What the task asks: Copy the lines below as they are; omit the images they contain.

-- Entries supplied follows --

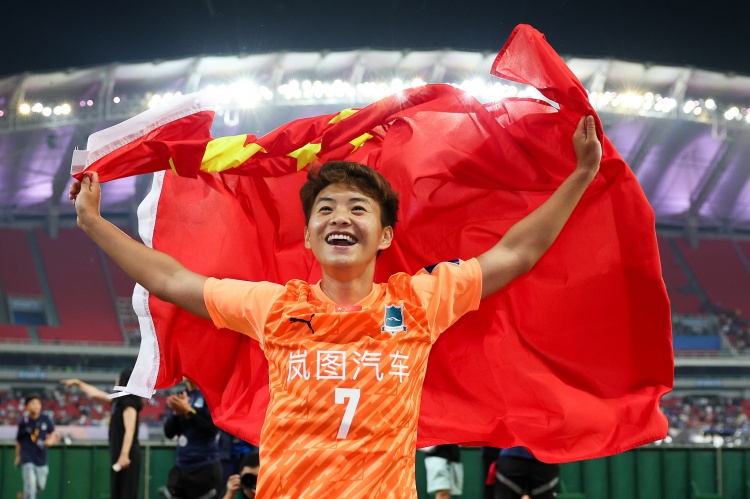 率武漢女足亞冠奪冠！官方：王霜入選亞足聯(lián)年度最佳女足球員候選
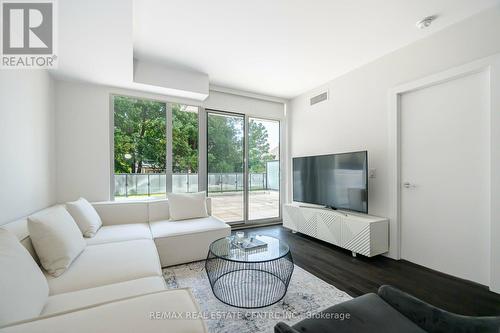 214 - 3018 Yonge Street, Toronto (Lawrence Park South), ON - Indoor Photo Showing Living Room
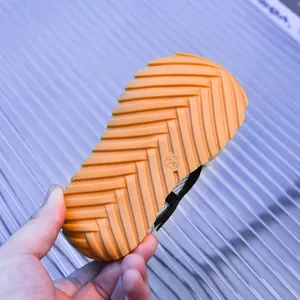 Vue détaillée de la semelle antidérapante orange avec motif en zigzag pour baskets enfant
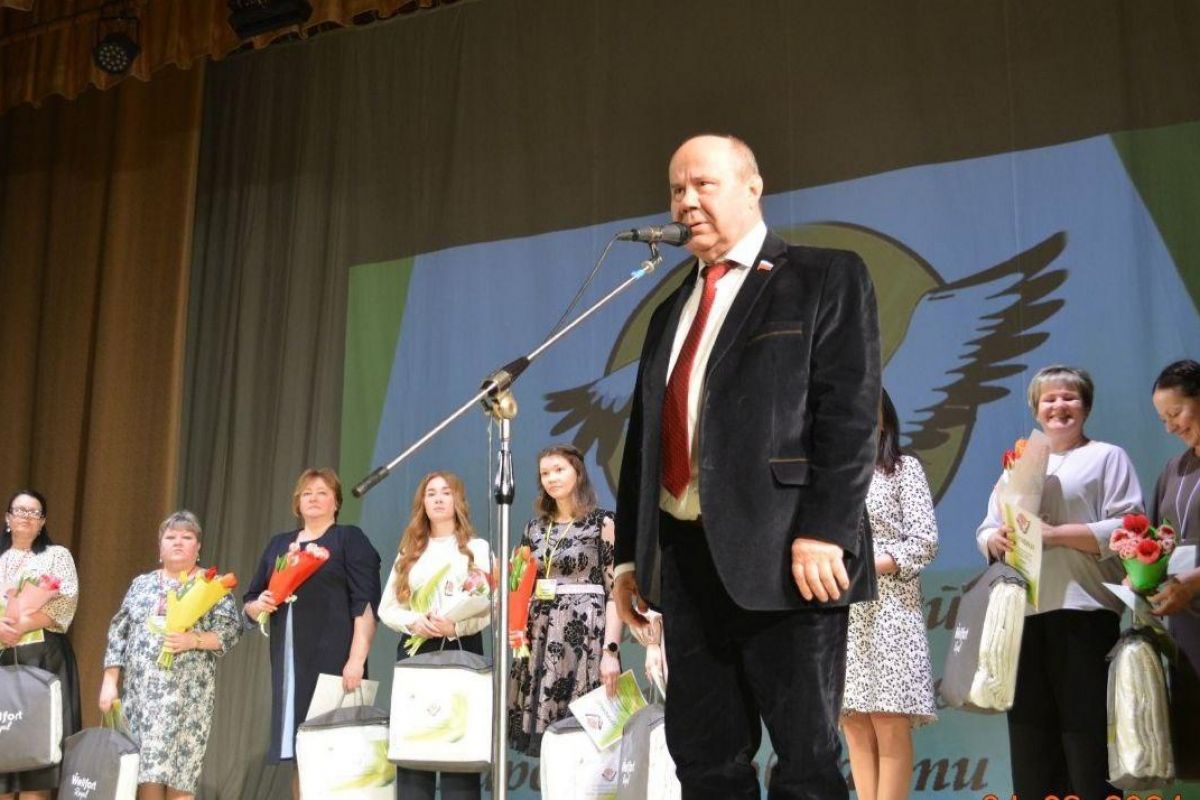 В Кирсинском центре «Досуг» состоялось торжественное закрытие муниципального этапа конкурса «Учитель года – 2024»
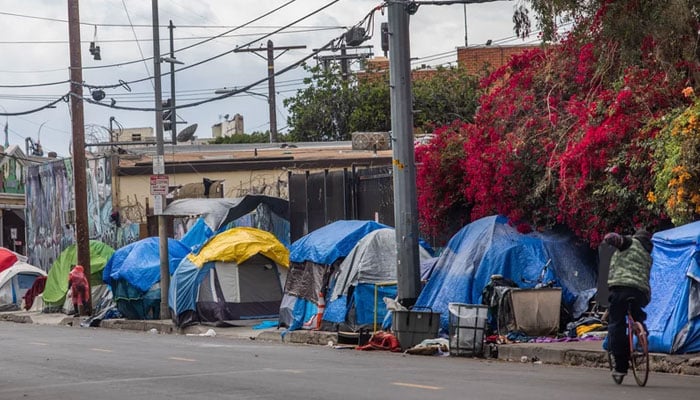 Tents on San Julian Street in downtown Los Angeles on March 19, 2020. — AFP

-- Entries supplied concluded --

Exercise solution:
 率武漢女足亞冠奪冠！官方：王霜入選亞足聯(lián)年度最佳女足球員候選
 214 - 3018 Yonge Street, Toronto (Lawrence Park South), ON - Indoor Photo Showing Living Room
 Vue détaillée de la semelle antidérapante orange avec motif en zigzag pour baskets enfant
 В Кирсинском центре «Досуг» состоялось торжественное закрытие муниципального этапа конкурса «Учитель года – 2024»
 Tents on San Julian Street in downtown Los Angeles on March 19, 2020. — AFP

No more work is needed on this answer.